Now, because you mention the difference between an excited person and presumably someone at their normal state, it's worth to note (when dealing specifically with the eye) a very common side-effect of psycho-active drugs and emotional states (particularly fear and interest/curiosity) is the change in pupil size when lighting conditions don't change:
The reflection is different depending on the size of the pupil, and I would venture to guess the pupil size difference between someone who's excited or manic (whose system is flooded with endorphins) and the person at normality is part of what you define as 'gleam.'
The other situation you draw a difference between is a dead person vs. a living person.
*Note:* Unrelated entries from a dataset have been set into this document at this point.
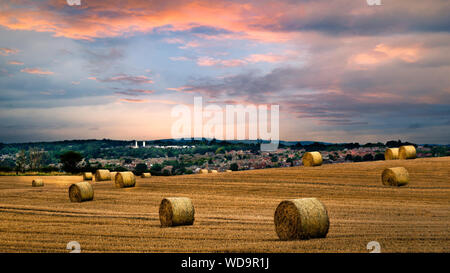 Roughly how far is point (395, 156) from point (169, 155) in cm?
5211

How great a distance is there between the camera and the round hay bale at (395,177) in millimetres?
25453

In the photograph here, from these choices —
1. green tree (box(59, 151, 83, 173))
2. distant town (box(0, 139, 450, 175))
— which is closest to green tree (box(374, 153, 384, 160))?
distant town (box(0, 139, 450, 175))

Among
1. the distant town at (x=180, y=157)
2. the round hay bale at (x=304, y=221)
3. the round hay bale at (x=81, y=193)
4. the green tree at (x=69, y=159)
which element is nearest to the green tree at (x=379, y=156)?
the distant town at (x=180, y=157)

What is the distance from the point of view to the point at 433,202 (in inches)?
860

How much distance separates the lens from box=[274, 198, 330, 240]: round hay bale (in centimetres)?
1204

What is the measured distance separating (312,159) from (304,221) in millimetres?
22212

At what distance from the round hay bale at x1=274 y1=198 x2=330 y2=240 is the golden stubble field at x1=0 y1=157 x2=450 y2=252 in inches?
19.2

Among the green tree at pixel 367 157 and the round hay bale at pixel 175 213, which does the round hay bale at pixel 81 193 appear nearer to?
the round hay bale at pixel 175 213

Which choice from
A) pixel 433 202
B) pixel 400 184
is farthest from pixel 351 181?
pixel 433 202

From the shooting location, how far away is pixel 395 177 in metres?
25.5

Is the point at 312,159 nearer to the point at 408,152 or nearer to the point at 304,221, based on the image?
the point at 408,152

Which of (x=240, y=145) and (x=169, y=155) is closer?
(x=240, y=145)

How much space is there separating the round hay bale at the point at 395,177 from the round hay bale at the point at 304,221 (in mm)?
14921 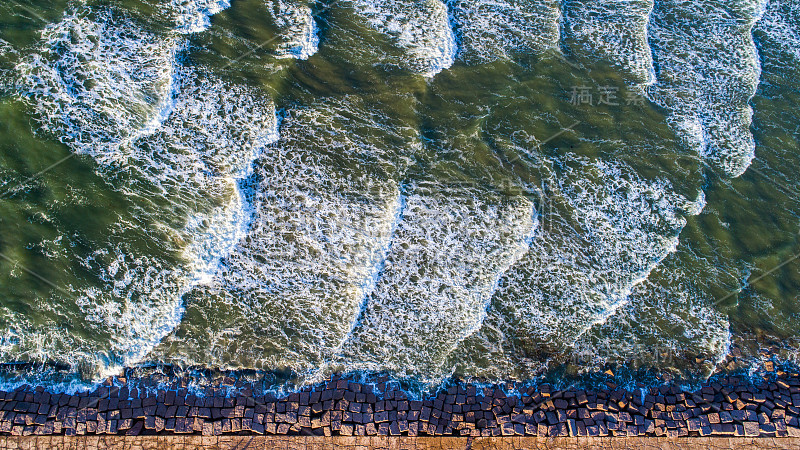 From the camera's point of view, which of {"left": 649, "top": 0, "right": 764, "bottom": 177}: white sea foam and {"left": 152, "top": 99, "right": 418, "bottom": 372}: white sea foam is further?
{"left": 649, "top": 0, "right": 764, "bottom": 177}: white sea foam

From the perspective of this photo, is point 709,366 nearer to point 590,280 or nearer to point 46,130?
point 590,280

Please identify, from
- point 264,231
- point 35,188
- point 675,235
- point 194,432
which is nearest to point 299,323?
point 264,231

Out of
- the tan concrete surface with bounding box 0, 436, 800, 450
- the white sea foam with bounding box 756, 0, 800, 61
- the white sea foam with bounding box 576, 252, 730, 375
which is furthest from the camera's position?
the white sea foam with bounding box 756, 0, 800, 61

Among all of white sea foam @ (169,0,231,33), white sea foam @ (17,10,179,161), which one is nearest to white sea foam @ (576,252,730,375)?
white sea foam @ (17,10,179,161)

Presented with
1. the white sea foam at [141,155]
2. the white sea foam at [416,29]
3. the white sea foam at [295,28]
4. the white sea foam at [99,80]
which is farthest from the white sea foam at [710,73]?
the white sea foam at [99,80]

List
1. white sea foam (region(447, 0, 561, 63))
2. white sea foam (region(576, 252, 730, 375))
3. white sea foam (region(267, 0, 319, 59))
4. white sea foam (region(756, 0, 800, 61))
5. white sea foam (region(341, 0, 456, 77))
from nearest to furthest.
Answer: white sea foam (region(576, 252, 730, 375)) < white sea foam (region(267, 0, 319, 59)) < white sea foam (region(341, 0, 456, 77)) < white sea foam (region(447, 0, 561, 63)) < white sea foam (region(756, 0, 800, 61))

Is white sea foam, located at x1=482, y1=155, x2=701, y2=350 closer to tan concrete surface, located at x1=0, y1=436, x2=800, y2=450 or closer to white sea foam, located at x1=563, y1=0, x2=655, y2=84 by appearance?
tan concrete surface, located at x1=0, y1=436, x2=800, y2=450

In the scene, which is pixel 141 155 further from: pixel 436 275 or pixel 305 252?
pixel 436 275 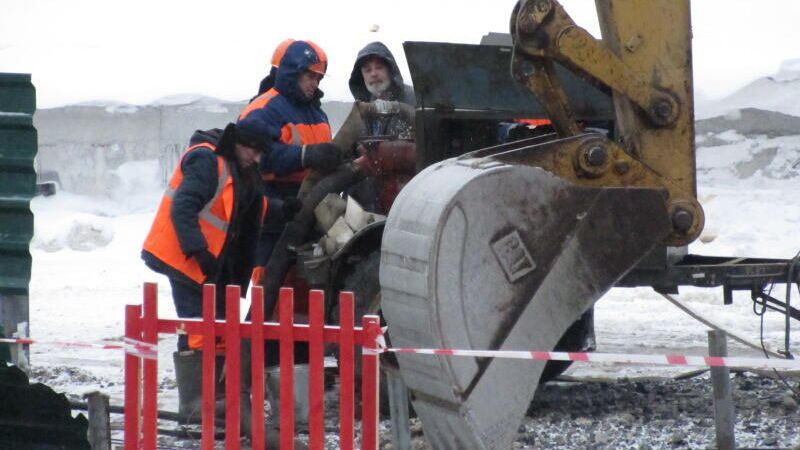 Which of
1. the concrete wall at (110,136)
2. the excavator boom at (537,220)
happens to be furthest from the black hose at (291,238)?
the concrete wall at (110,136)

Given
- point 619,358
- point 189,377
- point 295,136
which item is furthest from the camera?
point 295,136

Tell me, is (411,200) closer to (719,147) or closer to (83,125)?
(719,147)

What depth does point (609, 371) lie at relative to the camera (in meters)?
9.46

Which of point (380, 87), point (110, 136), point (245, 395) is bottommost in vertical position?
point (245, 395)

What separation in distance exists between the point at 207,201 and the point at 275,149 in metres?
0.45

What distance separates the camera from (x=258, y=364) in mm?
6227

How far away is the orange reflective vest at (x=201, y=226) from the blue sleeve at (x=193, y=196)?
0.04 metres

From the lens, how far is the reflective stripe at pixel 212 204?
8.73 m

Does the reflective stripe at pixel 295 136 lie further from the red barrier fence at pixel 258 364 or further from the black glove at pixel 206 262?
the red barrier fence at pixel 258 364

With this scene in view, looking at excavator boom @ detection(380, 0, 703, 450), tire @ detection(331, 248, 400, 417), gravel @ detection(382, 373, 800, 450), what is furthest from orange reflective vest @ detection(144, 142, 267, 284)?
excavator boom @ detection(380, 0, 703, 450)

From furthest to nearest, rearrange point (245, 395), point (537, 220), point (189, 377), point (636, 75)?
point (189, 377), point (245, 395), point (636, 75), point (537, 220)

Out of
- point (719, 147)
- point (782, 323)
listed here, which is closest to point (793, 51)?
point (719, 147)

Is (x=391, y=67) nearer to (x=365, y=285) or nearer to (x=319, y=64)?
(x=319, y=64)

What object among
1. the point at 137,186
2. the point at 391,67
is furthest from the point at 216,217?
the point at 137,186
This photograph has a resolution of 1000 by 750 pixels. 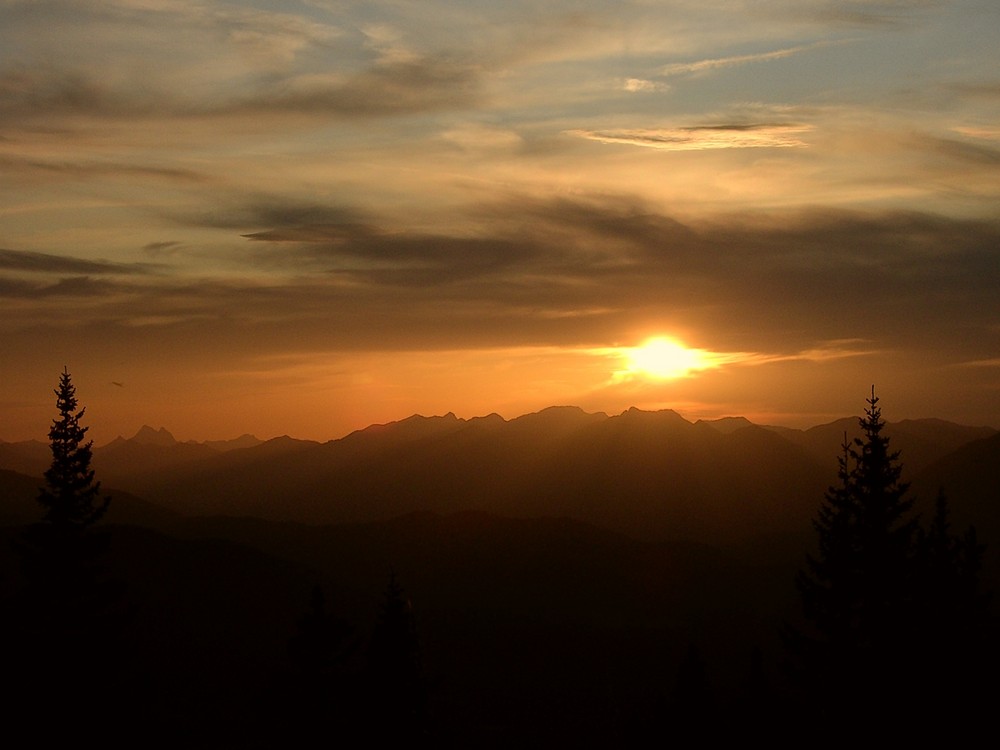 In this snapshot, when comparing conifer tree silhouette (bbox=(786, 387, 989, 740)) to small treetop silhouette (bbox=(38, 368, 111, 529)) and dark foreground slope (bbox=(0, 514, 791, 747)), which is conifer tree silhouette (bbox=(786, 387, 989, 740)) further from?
dark foreground slope (bbox=(0, 514, 791, 747))

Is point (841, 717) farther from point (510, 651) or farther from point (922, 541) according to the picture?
point (510, 651)

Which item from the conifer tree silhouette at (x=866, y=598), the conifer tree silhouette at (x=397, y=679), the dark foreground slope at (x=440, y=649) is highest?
the conifer tree silhouette at (x=866, y=598)

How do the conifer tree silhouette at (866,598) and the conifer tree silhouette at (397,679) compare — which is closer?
the conifer tree silhouette at (866,598)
Before rigor mortis sets in, the relaxed state of the ciliary body is to stress the suspensory ligaments - resulting in pupil dilation. In addition, and I think this is the most important distinction: dead people don't blink. The act of blinking spreads the lubrication on the surface of the conjuctiva, and can be mimicked with tear-drops for people with dry eyes. Because the lubrication acts as another surface to reflect light (similar to having a thin layer of water on a surface), the dead person's eyes will have less of a "gleam" than a living person's.
So, to sum up: The "gleam" in a person's eye is probably due to hydration and/or pupil dilation. Pupils will dilate at lower light levels, under the influence of certain drugs, or when showing interest. Hydration is constant, except when the lubrication is not produced in the quantities necessary or when the person is unable to blink ('dead' in your example).